For the Love of St. Dominic

A Dominican Diocesan Priest’s Reflection

I cannot hide my emotion in reflecting upon the events and revelations that led me to fall in love with St. Dominic and brought me to make profession in June 2021 in the Priestly Fraternities of St. Dominic in the Roman Province of St. Catherine of Siena. I am convinced that in each of these happenings and communications was a caress from the Lord. My journey towards the Dominican Order was unexpected and winding, so I’ll begin my story simply, by introducing myself.

My name is Alessandro Caserio, I am 39 years old and I am currently a diocesan priest serving as parish vicar in the Parish of Santa Maria Madre del Redentore in Tor Bella Monaca, Rome. Having obtained a baccalaureate in theology at the Pontifical Lateran University, I am now completing my studies in liturgy at the Pontifical University of Sant’Anselmo.

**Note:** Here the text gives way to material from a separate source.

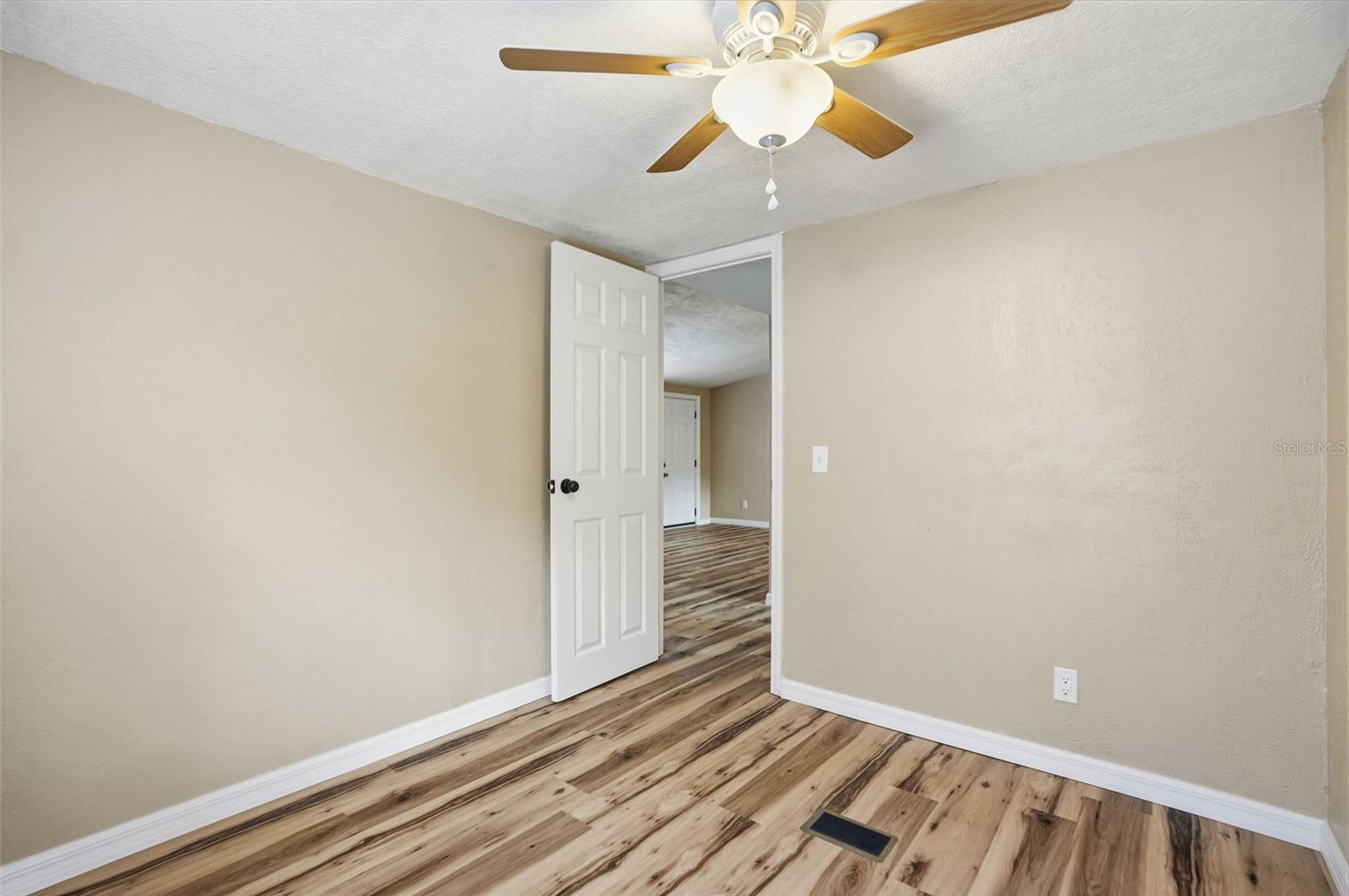 Image 24 of 39 For 27080 Hiawatha Boulevard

I was born and raised in Rome. From an early age, I was able to experience the beauty of faith through the family that the Lord gave me: my mother Anna, my father Carlo and my sister Pierangela. The house where I grew up was always, and still is, a place of concrete encounter with the Lord; without the example of faith and gratuitous love that my parents gave me, perhaps I would never have chosen to consecrate my life to the Lord. I also experienced the beauty of faith in the parish community of San Felice da Cantalice, which is entrusted to the Capuchin Friars Minor in the Centocelle quarter of Rome. There, I received all the sacraments of Catholic initiation, had my first experience of service as an altar boy at the age of nine, and later continued along the path of service, first as an adult minister and then, beginning in 2001, as an acolyte. My ministry as an acolyte was particularly formative because it frequently required me to visit the sick, meet the poor and tend with extreme concreteness to their spiritual and material needs. Doing so led me to discover that service to God’s people enriched my life, not only by providing me with something to do for others, but also by shaping me interiorly, by nourishing my compassion. My years in Centocelle were fundamental to my life of faith.

Even so, in subsequent years, I also pursued a life of materiality. I started working both in various shops and public offices while studying architecture at the Sapienza University of Rome, where I earned a baccalaureate in 2009. Afterwards, I worked for a prestigious American company that paid me good money and I became engaged to a girl from my home parish who shared my dreams, projects and journey of faith. It seemed that I had achieved everything: I was happy both professionally and emotionally. But the feeling wavered, and precisely during that period I perceived an ever-growing dissatisfaction. After a long period of spiritual discernment, I understood that the Lord was asking me to follow him in a different way and live a different life from the one I had planned myself; he was calling me to become a diocesan priest. Consequently, in 2012, I began the formative path towards holy orders at the Pontifical Roman Major Seminary, located at the Archbasilica of St. John Lateran, Rome, and on 12 May 2019, Pope Francis ordained me a priest at the Basilica of St. Peter in Vatican City.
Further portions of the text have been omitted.